Viéndolo de esta forma, el debate sobre la necesidad o no de que el autor juegue con los simbolismos y con las metáforas en sus narraciones es completamente superfluo. Si el autor decide no escribir pensando en los subtextos morales, religiosos o sociales de su propia obra el lector se encargará de hacerlo por él. No hay escapatoria.
Cualquier historia tiene al menos tres niveles de lectura, tres canales por los que establece algún tipo de comunicación con el lector. Lo que primero nos llega es la trama explícita, la peripecia física de los personajes: la fuga de una prisión, un romance imposible, la colonización de un planeta. Por debajo laten las metáforas, que pueden ser psicológicas (superación de traumas, proceso de individuación), sociales (lucha de clases, injusticias, racismo), éticas (venganza, perdón, castigo) o directamente doctrinales (religión, política). Pero existe un tercer nivel más difícil de controlar para el autor, puramente emocional, que es el que establece la comunicación más íntima con el lector.
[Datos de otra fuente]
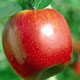 صادرات سیب ایران كاهش یافت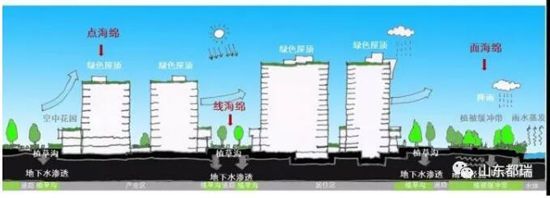 如何理解「海綿城市」的概念？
Este tercer nivel está hecho de destellos, momentos o flashes aislados en los que la historia nos toca la tecla sensible y nos implica de un modo personal con los acontecimientos narrados. El problema es que cada lector tiene el teclado de la sensibilidad afinado en diferente escala, y no existe una melodía que suene igual de bien para todo el mundo. Es una lotería, y aquí el autor sólo puede confiarse a su intuición.
La isla de cemento es una novela ideal para diseccionar estos tres niveles de comunicación, porque es sencilla y transparente como una radiografía. J.G. Ballard es un autor de ciencia ficción famoso por sus distopías, es decir, que sus historias casi siempre son interpretables en clave social, como avisos de hasta dónde puede llegar el progreso desmedido, etc. Y la historia de Robert Maitland encaja como un guante en esa vocación: un arquitecto de éxito se sale de la carretera al volante de su Jaguar y queda malherido en un estercolero con forma de triángulo delimitado por tres ruidosas autopistas, a merced de una pareja de estrafalarios vagabundos que deciden retenerlo como prisionero (trama explícita). La metáfora sobre la marginación y sobre el individualismo de la sociedad (nadie echa de menos a Maitland en su ciudad, ningún automovilista se detiene a recogerlo cuando consigue asomarse a la autopista) es tan obvia que ni siquiera se puede considerar metáfora. Más sugerente es la lectura psicológica, que el autor también hace explícita en la parte final del relato: cuando Maitland está a punto de imponer su autoridad sobre sus captores, comienza a preguntarse si tiene verdadero sentido salir de aquella isla. El viaje a ninguna parte de Robert Maitland se revela así como un viaje interior, mucho menos épico y mucho más oscuro de lo que pensábamos. Es posible que no entendamos las motivaciones finales de Maitland y por eso odiemos el libro; igual que odiamos todas las parábolas sin happy end, porque nos suenan a regañina.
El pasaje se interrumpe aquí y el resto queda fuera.